ABOUT THIS EXERCISE: Nothing but the lines from the one containing "Elfenbeinfarbener bestickter Duchess-Satin" to the end of the data should be copied, exactly, and the pictures stay out.
╭─ RECORDS SUPPLIED
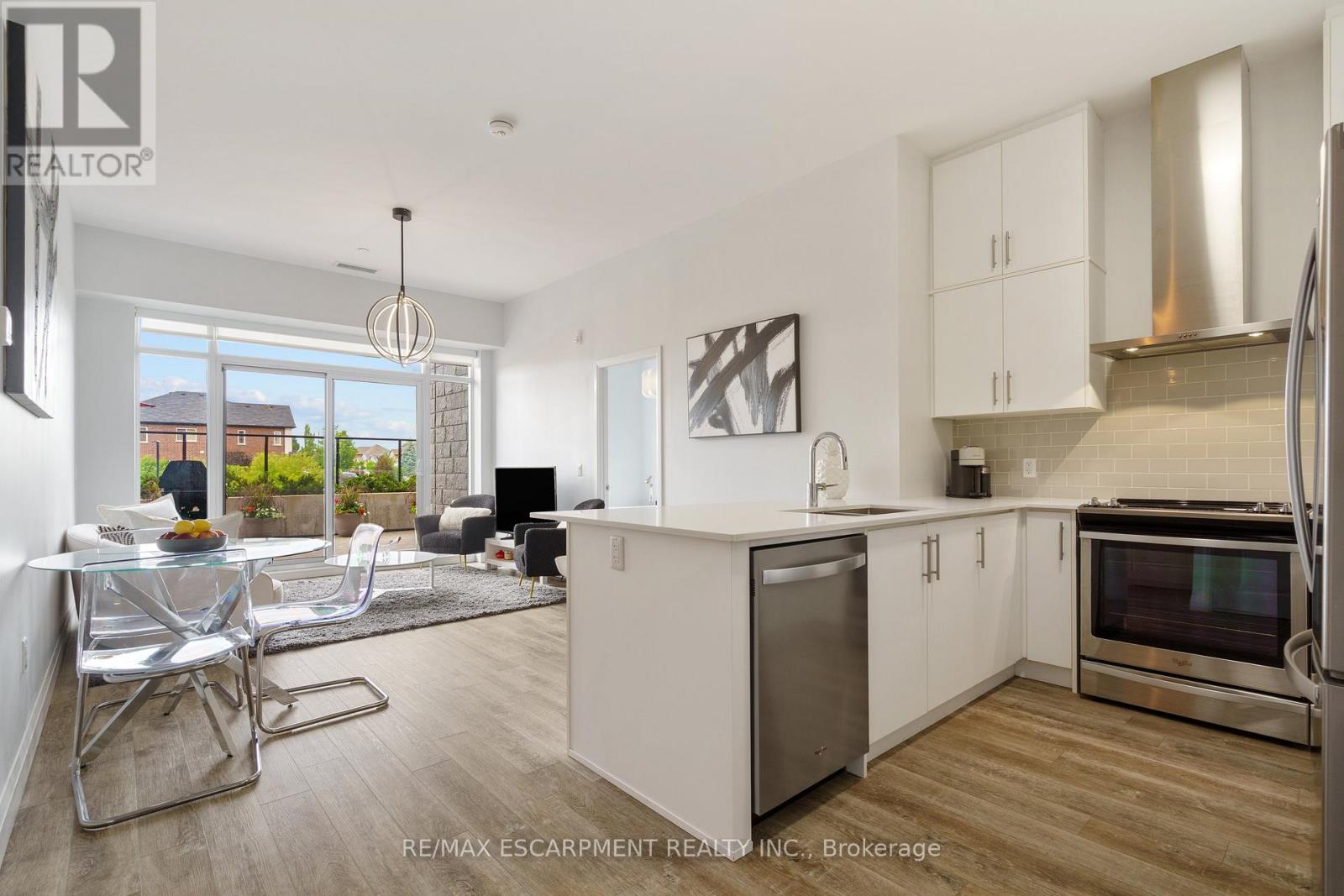 Single Family House for Sale in    REDFERN AVENUE Hamilton (Mountview) 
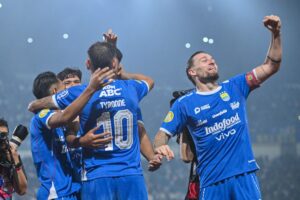 Arema Imbang, Persib Dekati Gelar Juara Liga 1?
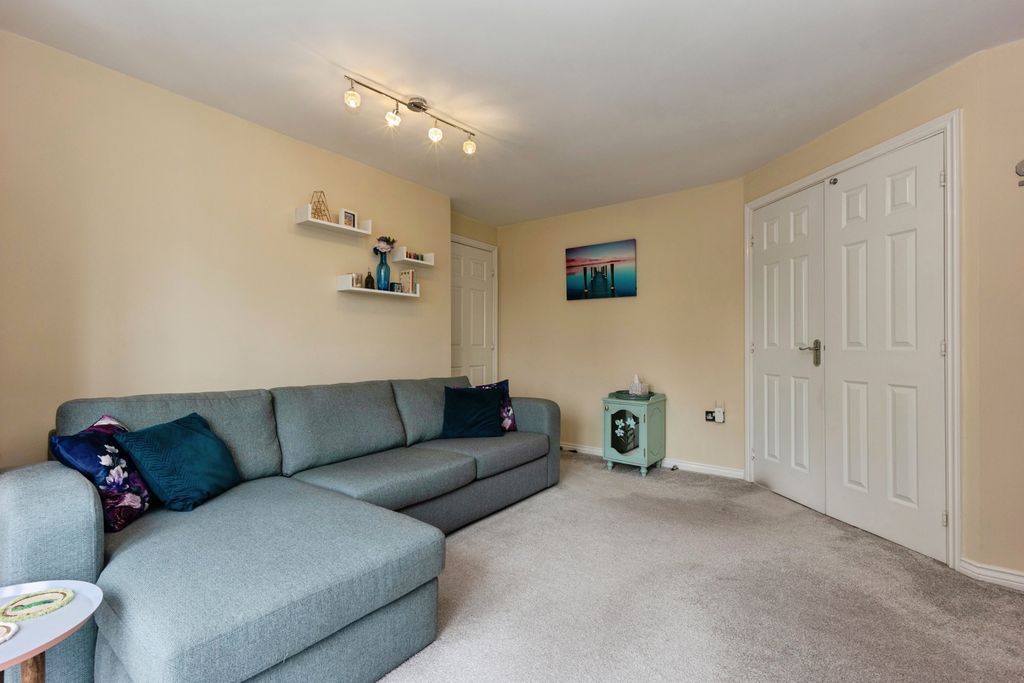 Property photo 3 of 18 Pbox-Img.Jpg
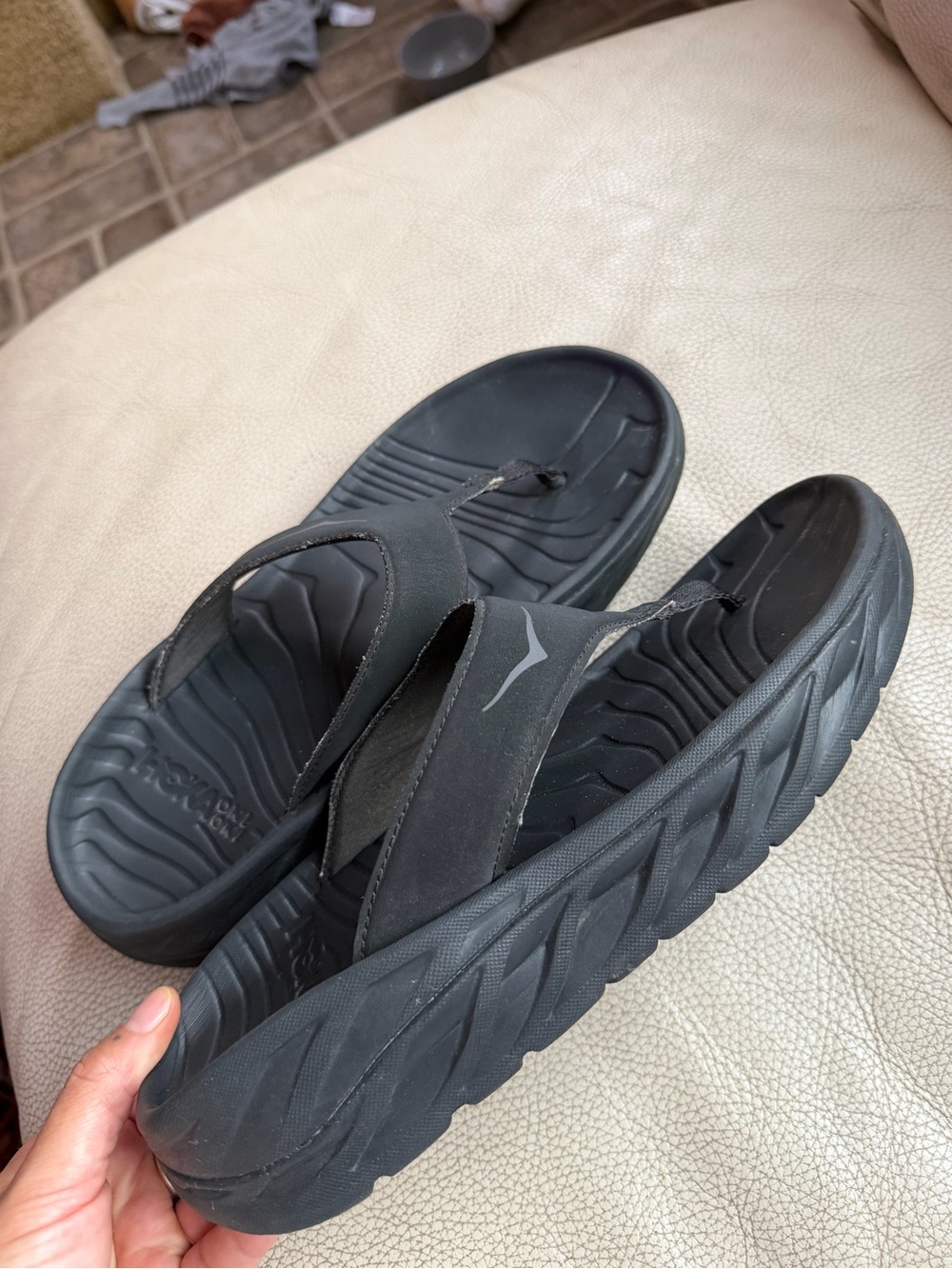 HOKA Unisex Black Athletic Foam Flip Flop Sandals Men’s Size 8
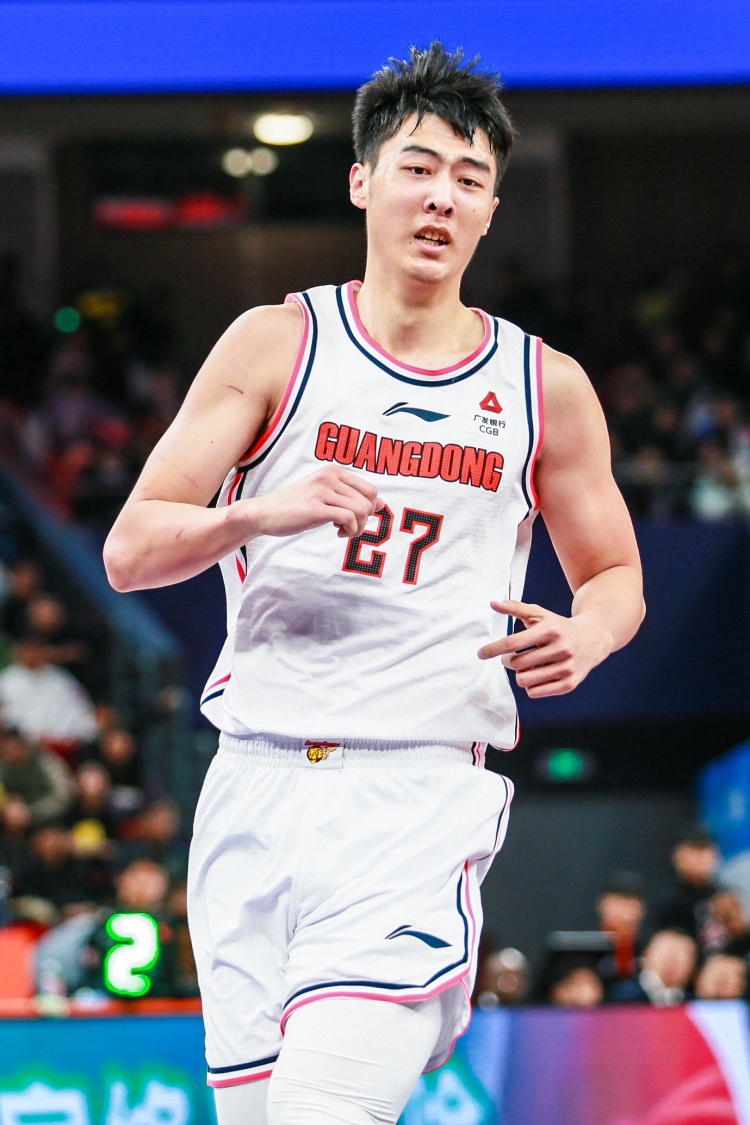 没能充当奇兵！张明池替补12分钟1中0无任何有效数据 2失误4犯规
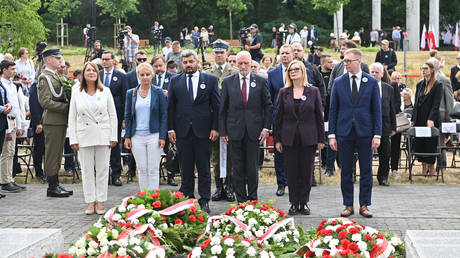 Polen moechte dass die Ukraine die Schuld fuer das Massaker
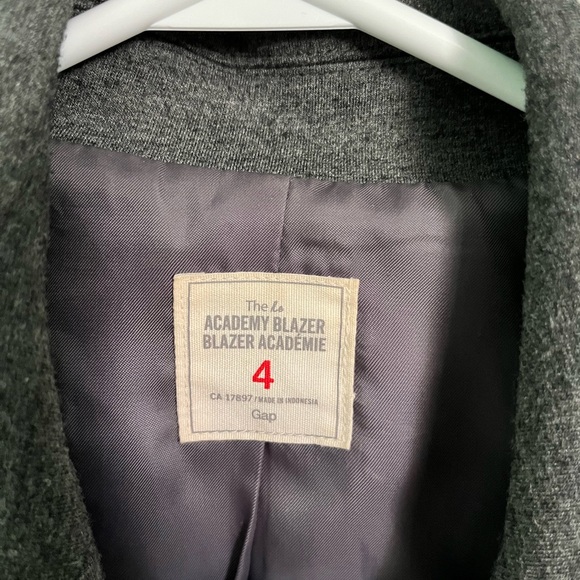 Women’s blazer by Gap, size 4 - Picture 2 of 3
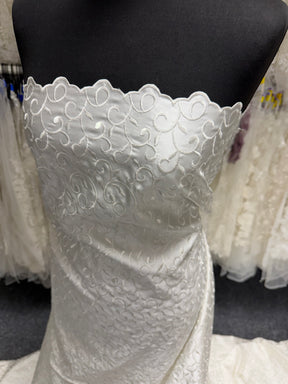 Elfenbeinfarbener bestickter Duchess-Satin - P476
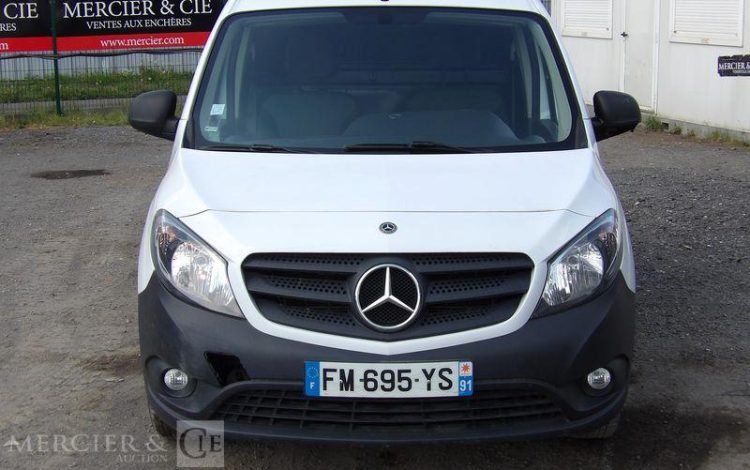 MERCEDES CITAN VU 109 1,5 CDI FOURGON MOYEN A1-1785 KG 95CV – DIESEL – 99000 KMS – BLANC FM-695-YS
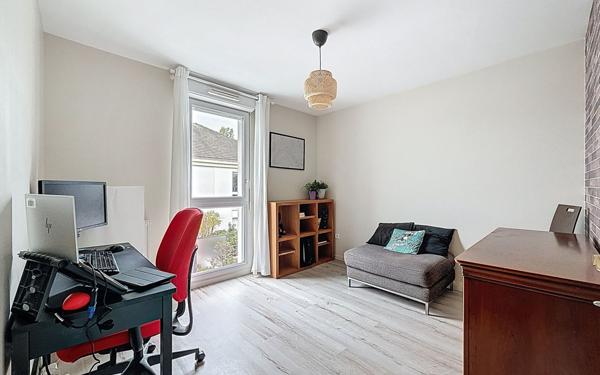 Appartement à vendre    5 pièces • 93,07 m2 Montigny-le-Bretonneux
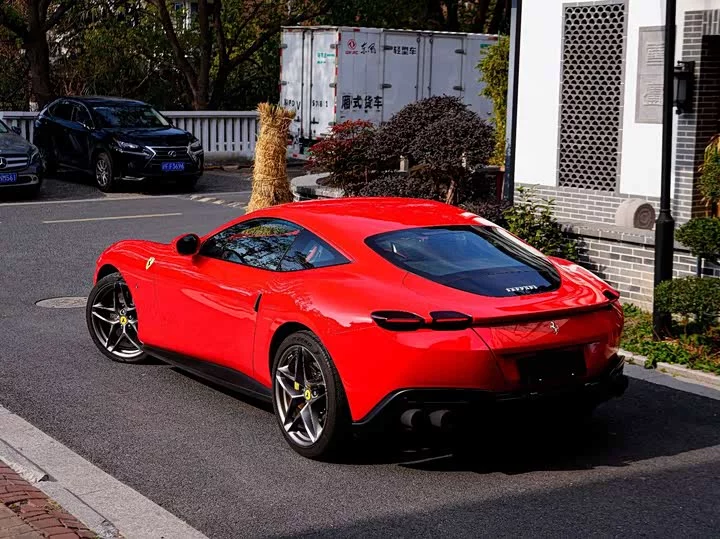 ferrari Roma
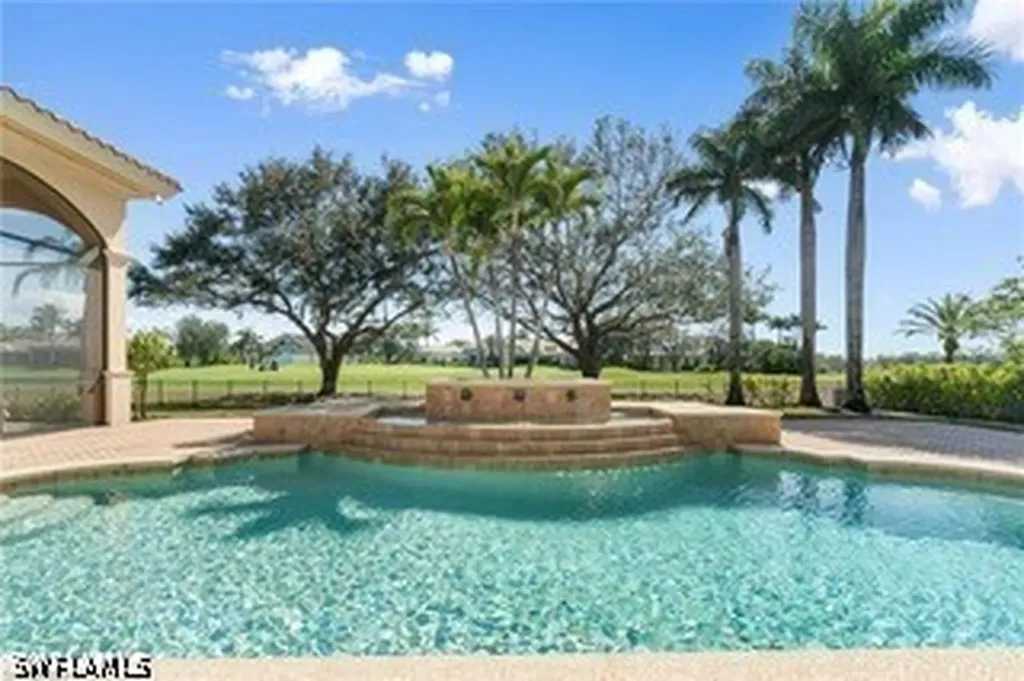 5900 Burnham Road Naples FL 34119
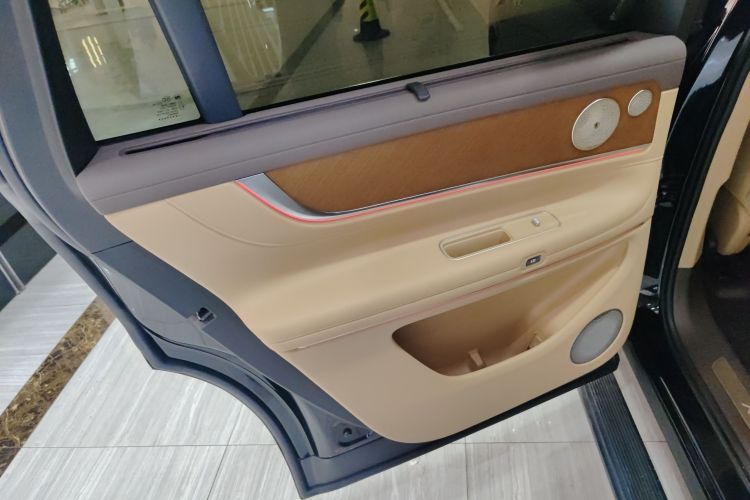 鸿蒙智行 问界M9 2024款 增程 Max版 42kWh 5座版中控内饰49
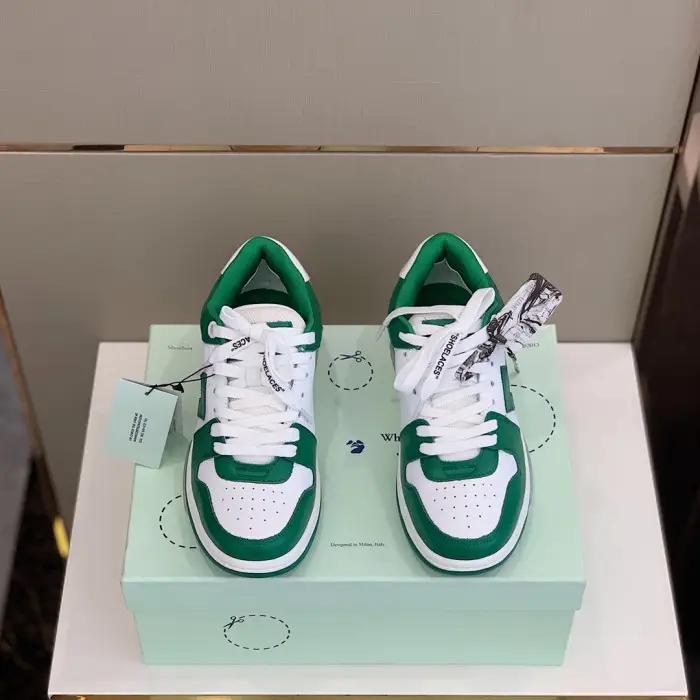 OFF WHITETM C/O VIRGIL ABLOH OUT OF OFFICE LOW-TOP LEATHER SNEAKERS "OOO"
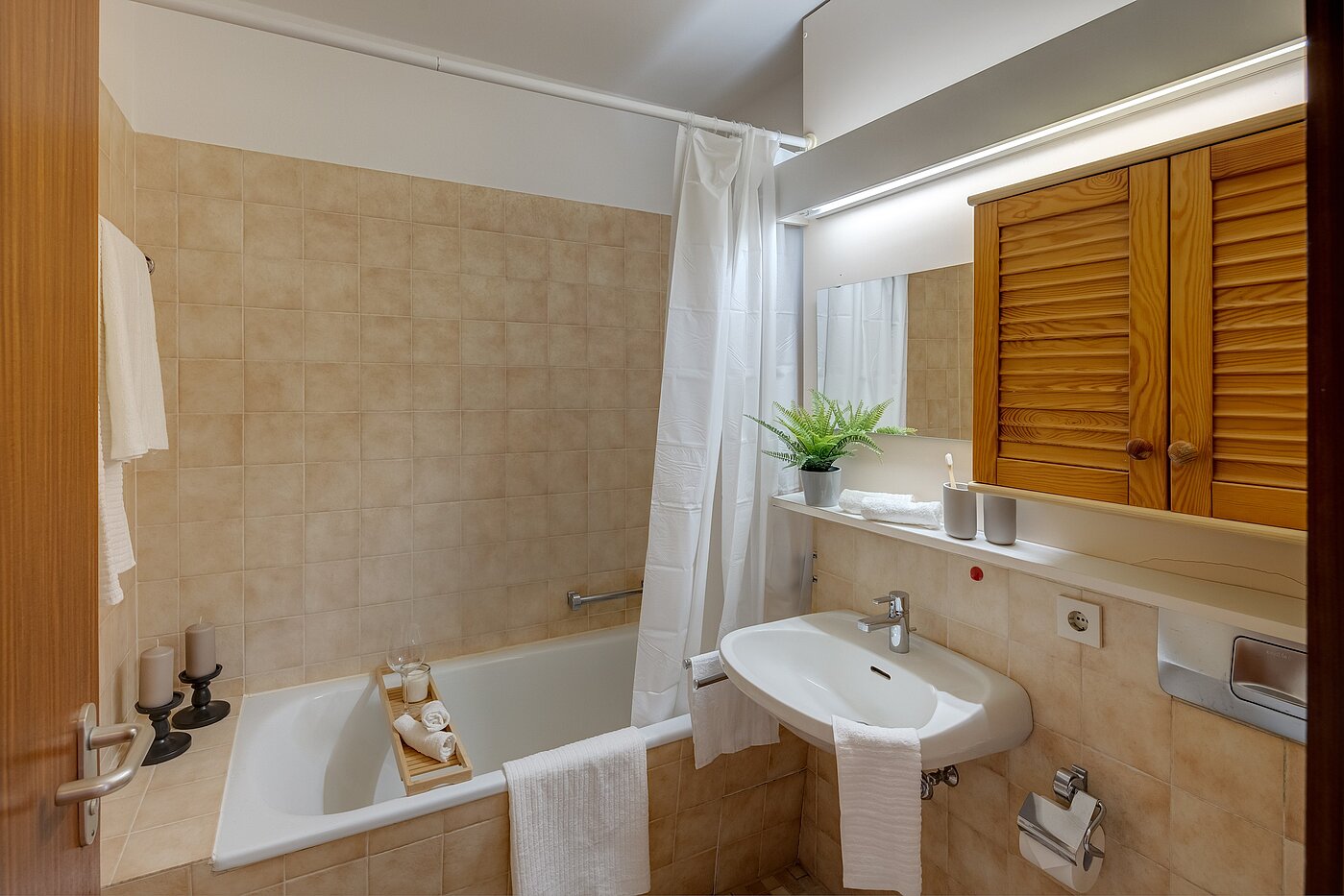 Appartement avec 1 pièce | Starnberg | 2202ML2 | Das helle Wannenbad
╰─
SOLUTION TO THIS EXERCISE:
 Elfenbeinfarbener bestickter Duchess-Satin - P476
 MERCEDES CITAN VU 109 1,5 CDI FOURGON MOYEN A1-1785 KG 95CV – DIESEL – 99000 KMS – BLANC FM-695-YS
 Appartement à vendre    5 pièces • 93,07 m2 Montigny-le-Bretonneux
 ferrari Roma
 5900 Burnham Road Naples FL 34119
 鸿蒙智行 问界M9 2024款 增程 Max版 42kWh 5座版中控内饰49
 OFF WHITETM C/O VIRGIL ABLOH OUT OF OFFICE LOW-TOP LEATHER SNEAKERS "OOO"
 Appartement avec 1 pièce | Starnberg | 2202ML2 | Das helle Wannenbad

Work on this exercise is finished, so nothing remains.